We found that wound healing was accelerated after the G‐CSF induced bone marrow mobilisation with increased recruitment of BMDCs to wound site and expression of growth factors critical to wound healing.

Materials and methods

Chimeric mice preparation

All experiments were performed in accordance with the protocols approved by the Animal Care Committee of Second Military Medical University. Two‐month‐old 300 male C57BL/6 mice and 60 EGFP‐transgenic C57BL/6 donor mice were used. All mice were housed under identical conditions and given food and water ad libitum. The experimental design is summarised in Figure 1.

Figure 1.

Figure 1

Experimental design. C57BL/6 mice after total body irradiation were transplanted with bone marrow cells acquired from enhanced green fluorescent protein (EGFP)‐transgenic C57BL/6 mice immediately. A small number of surviving mice had undergone blood analysis 8 weeks after bone marrow transplantation (BMTx) to evaluate the degree of chimerism. The rest of survivors received an excisional wound on the back 2 weeks after blood analysis. After excision, these mice were divided into two groups: granulocyte colony stimulating factor (G‐CSF) group (mobilisation group) and control group.

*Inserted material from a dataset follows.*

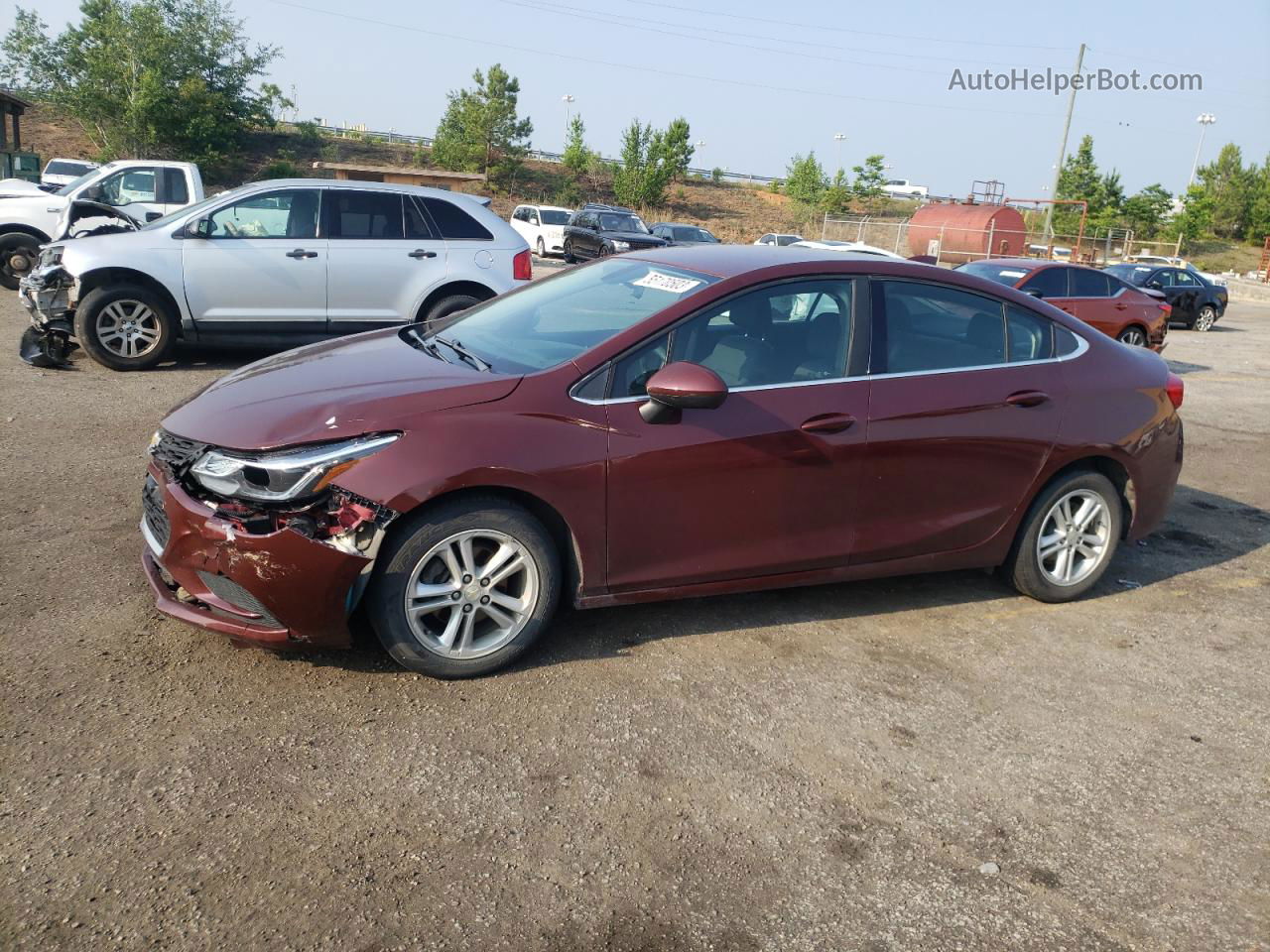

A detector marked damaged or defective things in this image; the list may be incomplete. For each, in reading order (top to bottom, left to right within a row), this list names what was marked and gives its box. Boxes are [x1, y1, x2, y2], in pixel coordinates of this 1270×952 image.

damaged front bumper [18, 265, 77, 368]
damaged white truck [0, 159, 202, 291]
damaged white truck [21, 178, 536, 370]
damaged front bumper [140, 459, 396, 654]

In order to prepare chimeric mice, bone marrow was collected from the tibia and femur of EGFP‐transgenic C57BL/6 donor mice (kindly provided by Professor Huang, Department of Cardiac Surgery, Changhai Hospital). A single‐cell suspension was prepared, and the cells were ready for immediate transplantation. Recipient adult C57BL/6 mice were treated with a lethal irradiation dosage of 8·5 Gy at 0·8737 Gy/min using a cobalt‐60 irradiator. Approximately 5 × 106 EGFP+ cells were prepared for transplantation by resuspension in phosphate buffered saline (PBS) and injected into recipient mice via the tail vein. Degree of chimerism was assessed by flow cytometry of circulating nucleated cells at 8 weeks after bone marrow transplantation.

Skin wound model and BMDCs mobilisation

Under sodium pentobarbital anesthesia, the dorsal hair was removed, and the skin was prepared for generation of standardised full‐thickness wounds including the panniculus carnosus muscle on the mid‐back. All chimeric mice were divided into two groups and a wound injury of 1·3 × 1·3 cm2 was created in them. Recombinant human G‐CSF was injected s.c., 50 µg/kg/day (Kirin Biopharmaceutical, Tokyo, Japan), for 5 days before and 3 days after wound creation in G‐CSF group. Saline instead of G‐CSF was injected in other wounded mice as control group.

Wound‐healing examination

In order to record wound healing, images of the residual wound area were obtained using a digital camera under the same photographic conditions. Average wound‐healing time was then determined. The digital analysis was performed by the investigators who were blinded to group assignments. Complete wound‐healing times were indicated by the shedding of scars and complete re‐epithelialisation of the wound bed. The re‐epithelialised but unhaired skin area was recorded as zero. The percentage of residual wound area relative to the original area was calculated using an image analysis software.

On days 0, 3, 6, 9, 12, 15 and 18 after wound injury, mice were anaesthetised and the entire wound with its surrounding skin within 2 mm was excised. The excised tissue was bisected along its craniocaudal axis into two parts. One of them was fixed in 2% paraformaldehyde and then embedded in OCT (Tissue‐Tek, Sakura, Torrance, CA) for histological analysis; the other one was snap‐frozen in liquid nitrogen for real‐time polymerase chain reaction (RT‐PCR) examination.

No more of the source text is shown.